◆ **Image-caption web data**
******************************

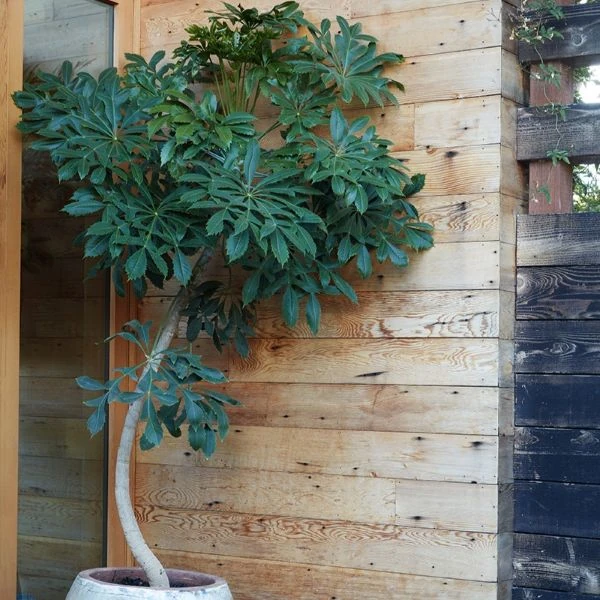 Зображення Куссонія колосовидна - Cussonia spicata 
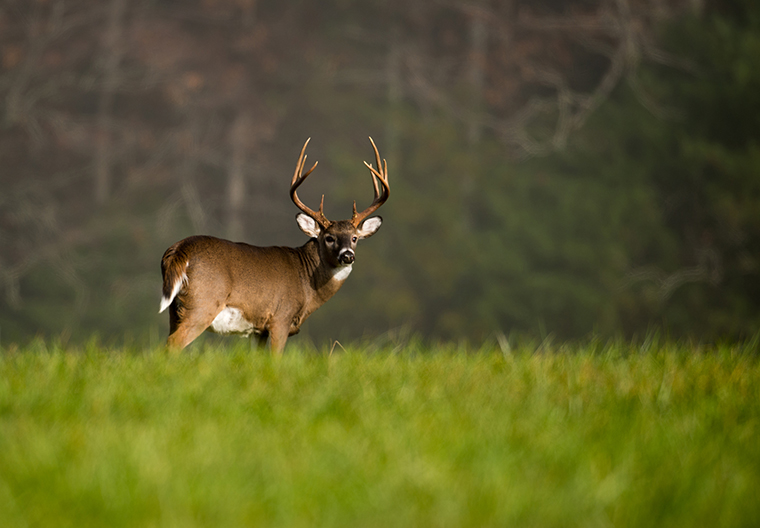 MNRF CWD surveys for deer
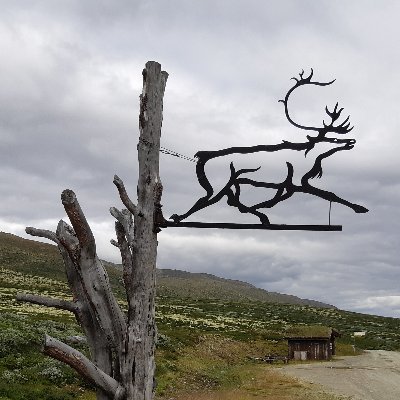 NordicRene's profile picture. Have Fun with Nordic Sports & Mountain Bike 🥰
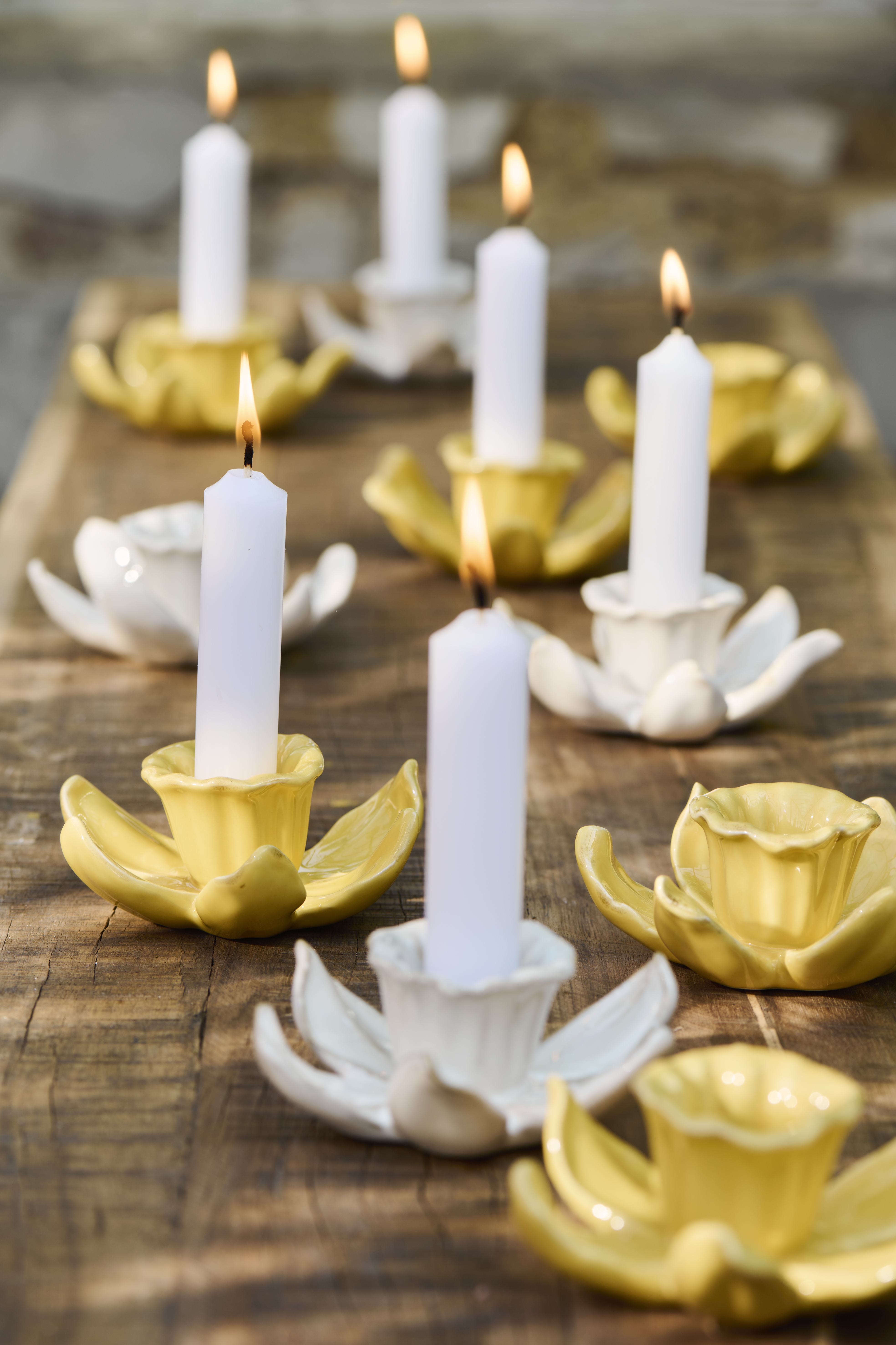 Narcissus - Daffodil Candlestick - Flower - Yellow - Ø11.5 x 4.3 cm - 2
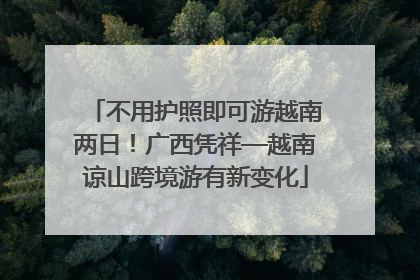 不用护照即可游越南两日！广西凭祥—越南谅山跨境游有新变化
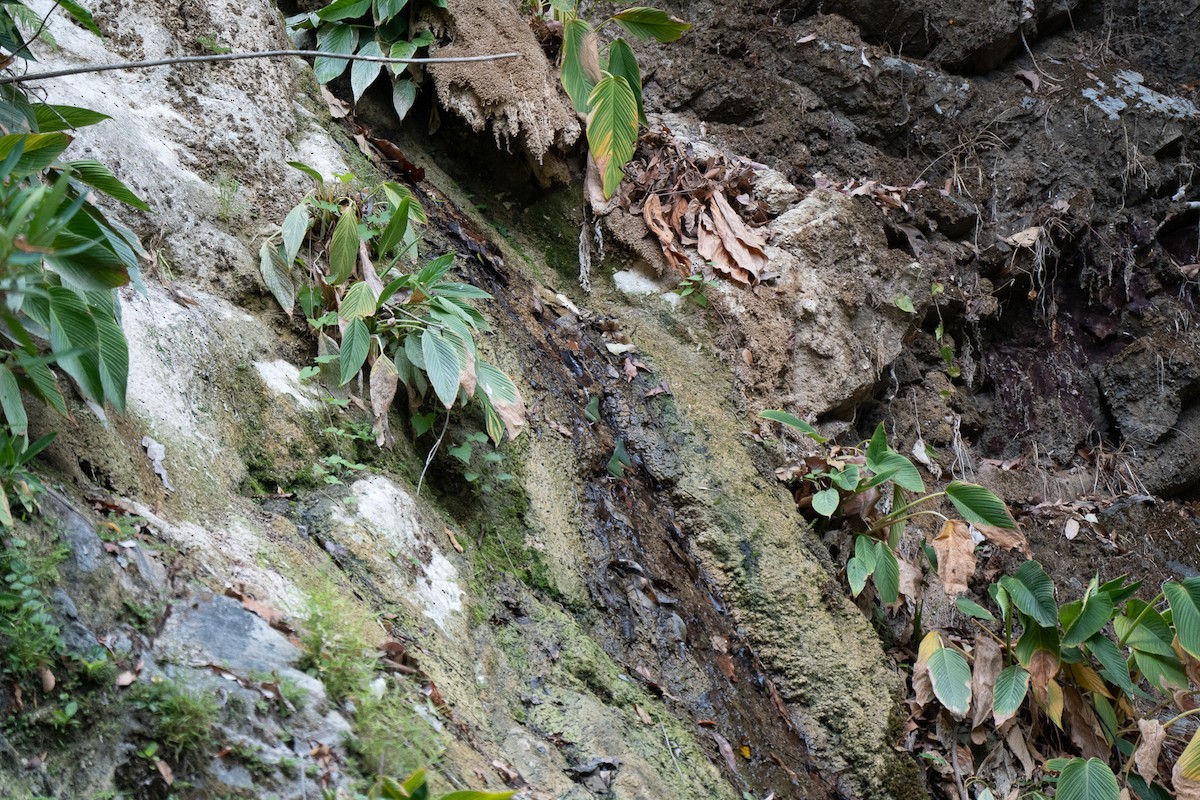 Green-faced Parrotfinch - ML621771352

******************************

◆ **WORK INSTRUCTION**
Hand back exactly the lines from the one with "Narcissus - Daffodil" through the last line of the data above, both ends included, with every picture left out.

◆ **RESULT OF THE TASK**
 Narcissus - Daffodil Candlestick - Flower - Yellow - Ø11.5 x 4.3 cm - 2
 不用护照即可游越南两日！广西凭祥—越南谅山跨境游有新变化
 Green-faced Parrotfinch - ML621771352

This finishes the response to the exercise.